Heavy Israeli bombing caused massive damage in the Gaza Strip, where the Hamas media office estimates that industrial facilities suffered $ 40 million in damage and the energy sector suffered $ 22 million.
Israeli companies lost 1.2 trillion shekels ($ 368 million) during 11 days of struggle between Israel and Hamas in Gaza, the country’s main industrial group said on Monday.
The Israel Manufacturers Association, which represents about 1,500 companies and 400,000 workers, said the loss was mainly due to employees choosing to stay home due to the almost non-stop Palestinian rocket fire from Gaza. .
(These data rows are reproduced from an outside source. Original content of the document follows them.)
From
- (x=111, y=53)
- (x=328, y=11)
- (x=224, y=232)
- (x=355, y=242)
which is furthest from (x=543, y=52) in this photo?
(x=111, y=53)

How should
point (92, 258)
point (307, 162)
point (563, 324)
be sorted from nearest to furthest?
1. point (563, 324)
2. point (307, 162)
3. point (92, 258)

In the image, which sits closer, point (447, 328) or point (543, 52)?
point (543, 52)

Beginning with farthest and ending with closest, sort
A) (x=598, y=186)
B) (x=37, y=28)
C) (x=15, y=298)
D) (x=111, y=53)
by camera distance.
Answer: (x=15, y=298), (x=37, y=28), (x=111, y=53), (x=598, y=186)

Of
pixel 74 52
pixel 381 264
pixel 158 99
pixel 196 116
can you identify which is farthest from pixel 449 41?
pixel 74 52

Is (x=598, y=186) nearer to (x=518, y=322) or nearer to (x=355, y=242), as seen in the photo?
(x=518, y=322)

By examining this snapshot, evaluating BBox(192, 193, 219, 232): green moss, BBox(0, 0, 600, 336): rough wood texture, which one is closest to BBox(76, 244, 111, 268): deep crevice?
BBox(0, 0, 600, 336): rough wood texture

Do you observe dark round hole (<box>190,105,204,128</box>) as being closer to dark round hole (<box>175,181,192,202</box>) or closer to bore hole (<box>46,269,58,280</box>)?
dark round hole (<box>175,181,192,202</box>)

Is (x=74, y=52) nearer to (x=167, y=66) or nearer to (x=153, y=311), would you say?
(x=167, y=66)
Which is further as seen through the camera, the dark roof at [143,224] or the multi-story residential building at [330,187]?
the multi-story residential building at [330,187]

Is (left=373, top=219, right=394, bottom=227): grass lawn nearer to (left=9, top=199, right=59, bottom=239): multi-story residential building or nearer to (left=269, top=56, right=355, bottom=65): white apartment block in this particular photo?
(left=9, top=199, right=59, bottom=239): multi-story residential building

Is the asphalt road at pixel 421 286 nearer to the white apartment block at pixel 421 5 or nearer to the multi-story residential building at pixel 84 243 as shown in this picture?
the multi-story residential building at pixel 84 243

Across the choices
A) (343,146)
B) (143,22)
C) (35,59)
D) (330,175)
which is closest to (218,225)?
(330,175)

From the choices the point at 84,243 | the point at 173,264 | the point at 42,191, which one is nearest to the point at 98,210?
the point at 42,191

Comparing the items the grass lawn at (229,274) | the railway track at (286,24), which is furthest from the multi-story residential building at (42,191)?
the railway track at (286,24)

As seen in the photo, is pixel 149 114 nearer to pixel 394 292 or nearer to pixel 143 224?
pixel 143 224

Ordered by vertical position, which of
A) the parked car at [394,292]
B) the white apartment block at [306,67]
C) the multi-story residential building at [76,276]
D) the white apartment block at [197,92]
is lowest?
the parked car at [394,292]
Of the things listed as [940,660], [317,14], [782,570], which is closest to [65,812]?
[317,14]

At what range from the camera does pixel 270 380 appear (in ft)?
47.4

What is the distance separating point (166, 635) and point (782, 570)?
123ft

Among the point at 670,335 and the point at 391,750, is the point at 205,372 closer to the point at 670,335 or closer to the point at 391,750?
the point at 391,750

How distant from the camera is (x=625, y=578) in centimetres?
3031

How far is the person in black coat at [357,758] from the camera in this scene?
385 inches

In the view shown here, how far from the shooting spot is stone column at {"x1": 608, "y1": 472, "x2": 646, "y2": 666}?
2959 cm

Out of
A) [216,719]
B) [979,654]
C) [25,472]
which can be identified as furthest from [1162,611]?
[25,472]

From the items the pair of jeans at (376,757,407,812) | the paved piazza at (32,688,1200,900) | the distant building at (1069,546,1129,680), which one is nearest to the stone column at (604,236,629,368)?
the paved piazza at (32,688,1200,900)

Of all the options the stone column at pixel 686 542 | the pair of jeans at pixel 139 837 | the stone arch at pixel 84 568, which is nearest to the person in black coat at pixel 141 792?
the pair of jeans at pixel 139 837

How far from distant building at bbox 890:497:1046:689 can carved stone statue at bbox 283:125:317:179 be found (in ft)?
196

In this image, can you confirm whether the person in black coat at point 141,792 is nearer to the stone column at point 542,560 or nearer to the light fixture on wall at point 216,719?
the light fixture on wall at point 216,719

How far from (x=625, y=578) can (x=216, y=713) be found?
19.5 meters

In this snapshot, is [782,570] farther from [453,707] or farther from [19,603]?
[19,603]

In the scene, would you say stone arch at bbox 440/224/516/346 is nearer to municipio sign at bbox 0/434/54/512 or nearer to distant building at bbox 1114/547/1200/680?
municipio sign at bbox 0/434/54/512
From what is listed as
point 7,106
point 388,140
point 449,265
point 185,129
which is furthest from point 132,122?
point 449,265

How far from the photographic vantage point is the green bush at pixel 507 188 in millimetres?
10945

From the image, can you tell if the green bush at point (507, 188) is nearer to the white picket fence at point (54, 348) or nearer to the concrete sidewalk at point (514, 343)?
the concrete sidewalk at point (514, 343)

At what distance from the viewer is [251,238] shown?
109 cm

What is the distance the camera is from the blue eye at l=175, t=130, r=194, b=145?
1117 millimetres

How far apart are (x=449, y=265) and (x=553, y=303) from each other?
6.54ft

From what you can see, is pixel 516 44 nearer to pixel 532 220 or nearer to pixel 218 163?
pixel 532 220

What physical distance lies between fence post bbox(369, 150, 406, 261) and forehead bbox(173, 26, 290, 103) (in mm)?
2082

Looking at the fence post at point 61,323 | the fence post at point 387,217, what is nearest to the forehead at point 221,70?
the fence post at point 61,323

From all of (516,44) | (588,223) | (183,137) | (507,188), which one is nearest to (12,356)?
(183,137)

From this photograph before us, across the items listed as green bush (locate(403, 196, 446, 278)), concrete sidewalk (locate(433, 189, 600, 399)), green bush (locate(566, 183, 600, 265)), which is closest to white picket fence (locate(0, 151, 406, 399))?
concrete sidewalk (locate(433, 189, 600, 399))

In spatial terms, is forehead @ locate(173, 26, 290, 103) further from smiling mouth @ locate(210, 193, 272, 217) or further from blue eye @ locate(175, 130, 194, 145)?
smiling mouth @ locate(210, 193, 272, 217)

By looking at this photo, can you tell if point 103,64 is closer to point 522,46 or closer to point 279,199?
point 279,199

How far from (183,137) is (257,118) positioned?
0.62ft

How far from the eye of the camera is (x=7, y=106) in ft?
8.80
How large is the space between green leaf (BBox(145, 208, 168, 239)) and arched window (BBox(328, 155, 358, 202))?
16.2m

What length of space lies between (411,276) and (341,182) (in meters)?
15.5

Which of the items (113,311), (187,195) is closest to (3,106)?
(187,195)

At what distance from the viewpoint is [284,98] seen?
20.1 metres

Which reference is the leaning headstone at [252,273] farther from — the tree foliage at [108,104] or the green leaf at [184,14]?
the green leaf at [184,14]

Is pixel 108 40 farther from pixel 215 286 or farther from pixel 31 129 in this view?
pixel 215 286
About a third of the workers were absent from work in southern Israel and about 10 percent stayed at home in areas closer to the central Israeli shopping center, according to the association.
“The non-arrival of workers led to a significant decrease in the productions of industrial enterprises, a decrease in sales and a direct damage to income,” he said.
As rockets fell on Israel, heavy Israeli bombing on the border caused massive damage to the Gaza Strip, with the Hamas press estimating $ 40 million in factories and the strip’s industrial zone and other facilities. industrial, in addition to $ 22 million in the energy sector.
Medical officials in Gaza say 248 people died during the fighting, while in Israel doctors have reported the death toll at 13. A ceasefire celebrated on a fourth day Monday.
The Israeli government has not yet released its estimated damage from the May 10-21 conflict.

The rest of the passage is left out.